(Records for this task Opens)
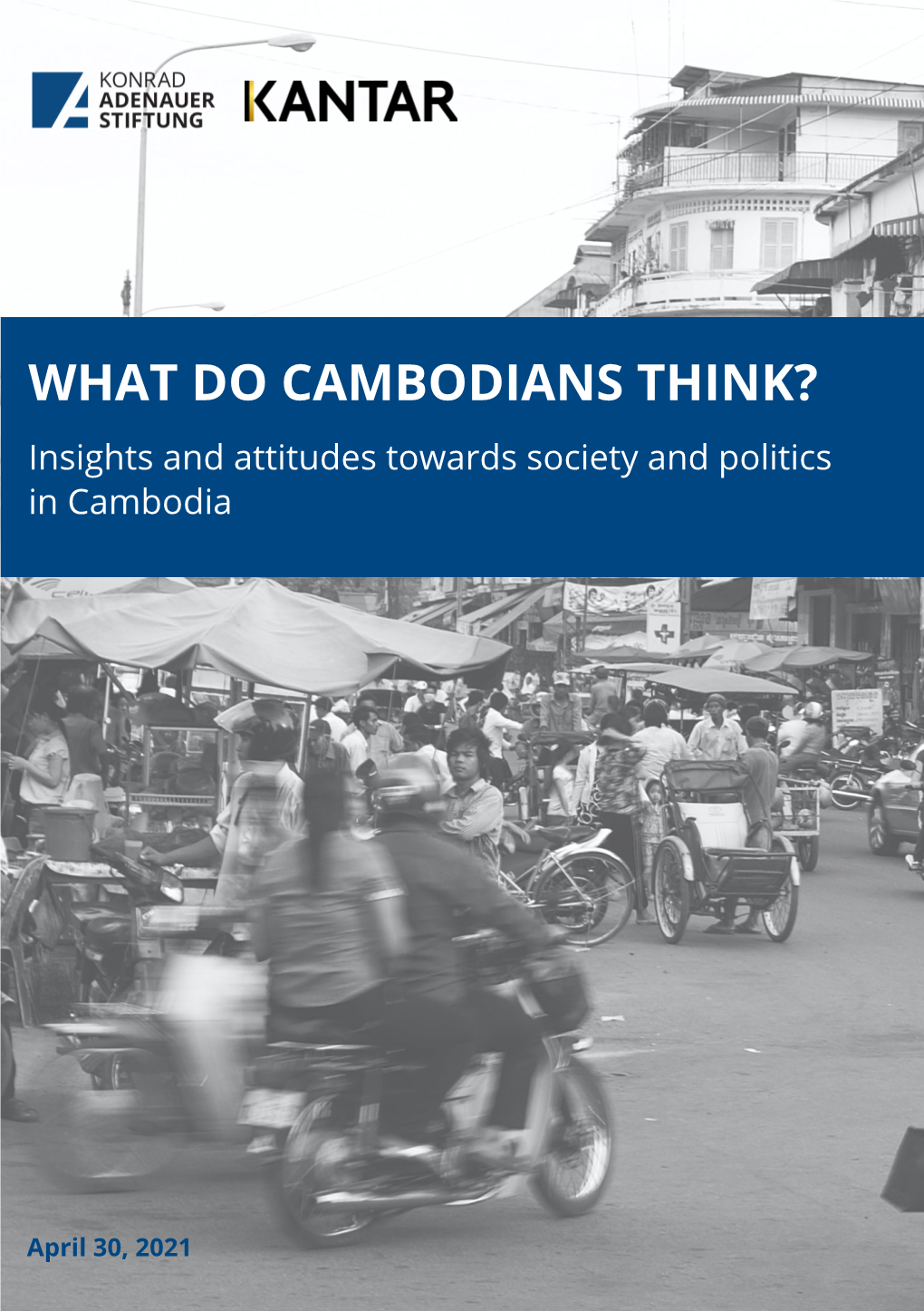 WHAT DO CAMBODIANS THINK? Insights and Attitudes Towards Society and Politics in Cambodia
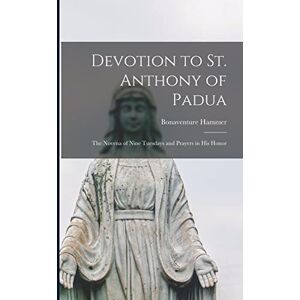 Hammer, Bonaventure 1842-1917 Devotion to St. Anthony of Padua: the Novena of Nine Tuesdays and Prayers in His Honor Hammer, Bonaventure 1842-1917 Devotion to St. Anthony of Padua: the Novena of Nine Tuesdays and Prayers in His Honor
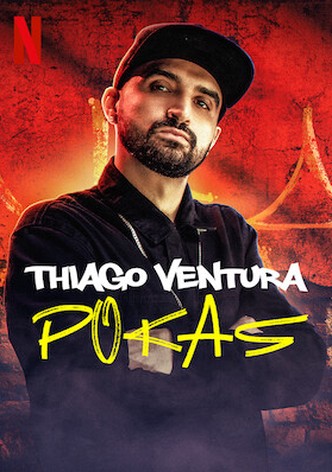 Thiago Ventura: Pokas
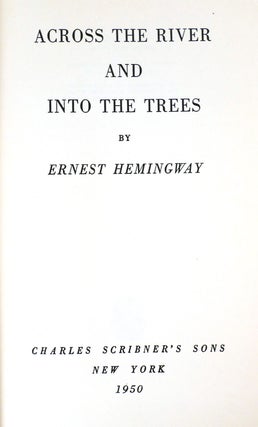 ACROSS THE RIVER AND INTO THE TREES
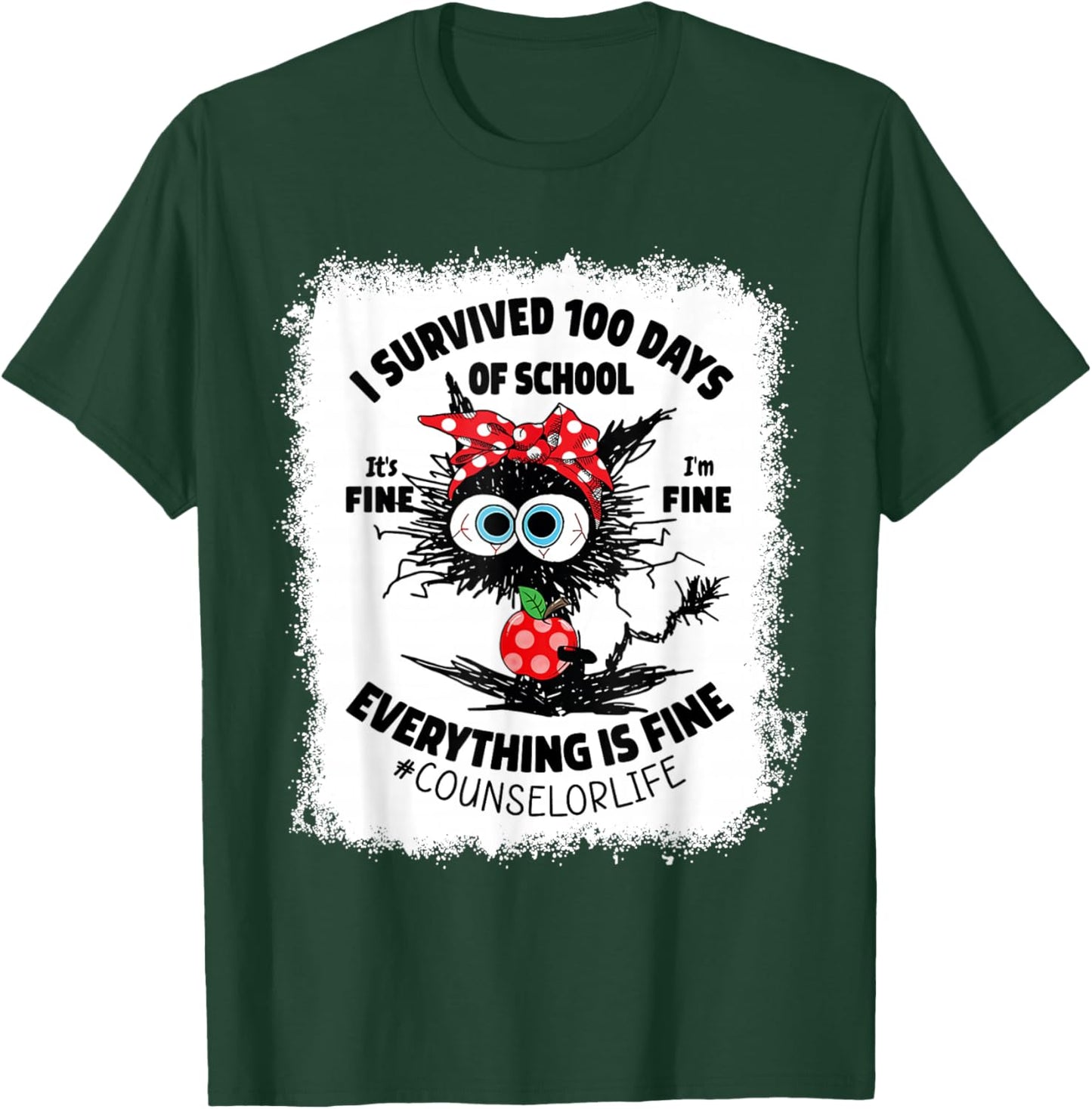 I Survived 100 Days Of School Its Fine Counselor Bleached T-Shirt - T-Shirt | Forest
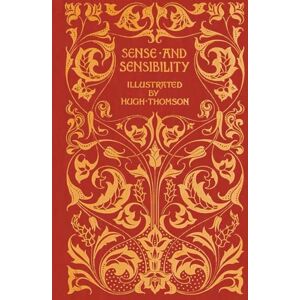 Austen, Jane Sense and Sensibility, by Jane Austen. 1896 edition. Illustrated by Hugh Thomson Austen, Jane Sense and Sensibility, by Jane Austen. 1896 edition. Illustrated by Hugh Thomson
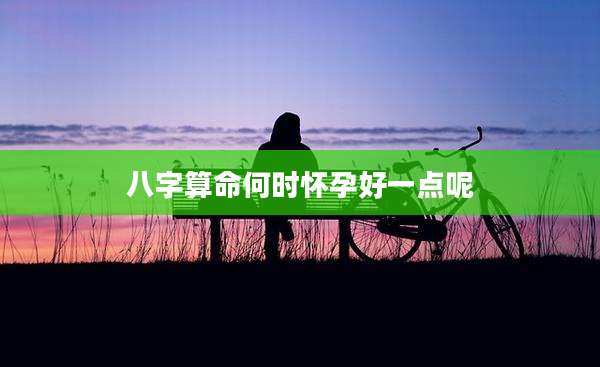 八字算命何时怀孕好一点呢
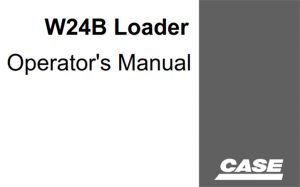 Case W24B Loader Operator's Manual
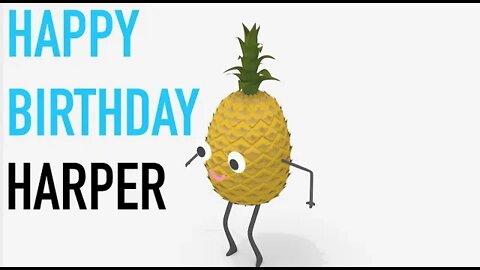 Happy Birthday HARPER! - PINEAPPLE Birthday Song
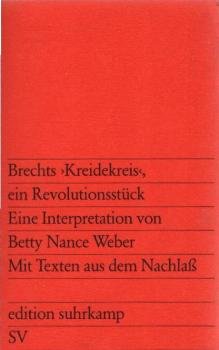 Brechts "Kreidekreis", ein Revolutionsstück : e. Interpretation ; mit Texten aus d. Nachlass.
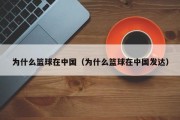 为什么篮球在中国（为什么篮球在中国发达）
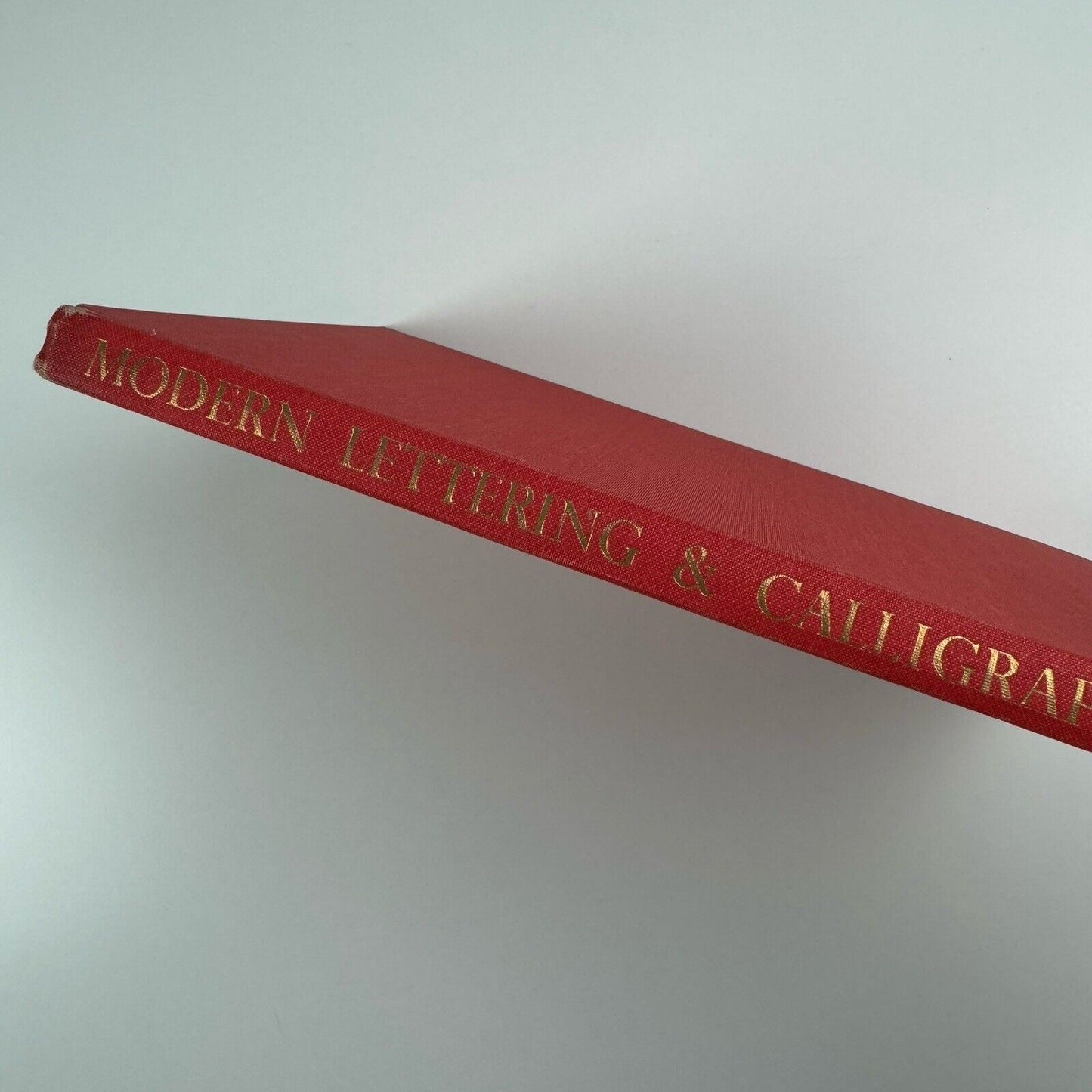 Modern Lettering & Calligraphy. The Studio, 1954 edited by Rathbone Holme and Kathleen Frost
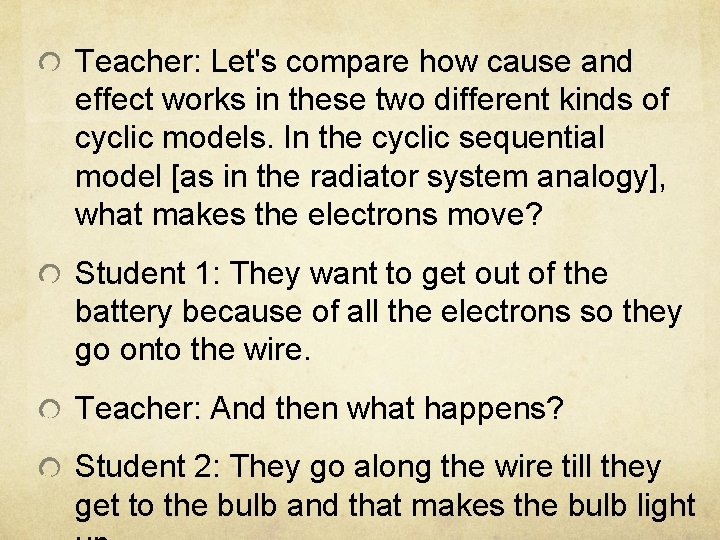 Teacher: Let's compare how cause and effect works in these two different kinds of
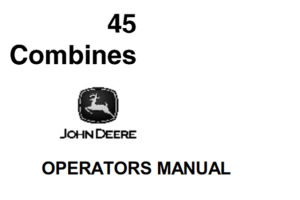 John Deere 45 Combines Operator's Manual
(Records for this task Closes)
→ **Action item**
Please retype every record exactly, leaving the pictures out.

→ **The answer**
 WHAT DO CAMBODIANS THINK? Insights and Attitudes Towards Society and Politics in Cambodia
 Hammer, Bonaventure 1842-1917 Devotion to St. Anthony of Padua: the Novena of Nine Tuesdays and Prayers in His Honor Hammer, Bonaventure 1842-1917 Devotion to St. Anthony of Padua: the Novena of Nine Tuesdays and Prayers in His Honor
 Thiago Ventura: Pokas
 ACROSS THE RIVER AND INTO THE TREES
 I Survived 100 Days Of School Its Fine Counselor Bleached T-Shirt - T-Shirt | Forest
 Austen, Jane Sense and Sensibility, by Jane Austen. 1896 edition. Illustrated by Hugh Thomson Austen, Jane Sense and Sensibility, by Jane Austen. 1896 edition. Illustrated by Hugh Thomson
 八字算命何时怀孕好一点呢
 Case W24B Loader Operator's Manual
 Happy Birthday HARPER! - PINEAPPLE Birthday Song
 Brechts "Kreidekreis", ein Revolutionsstück : e. Interpretation ; mit Texten aus d. Nachlass.
 为什么篮球在中国（为什么篮球在中国发达）
 Modern Lettering & Calligraphy. The Studio, 1954 edited by Rathbone Holme and Kathleen Frost
 Teacher: Let's compare how cause and effect works in these two different kinds of
 John Deere 45 Combines Operator's Manual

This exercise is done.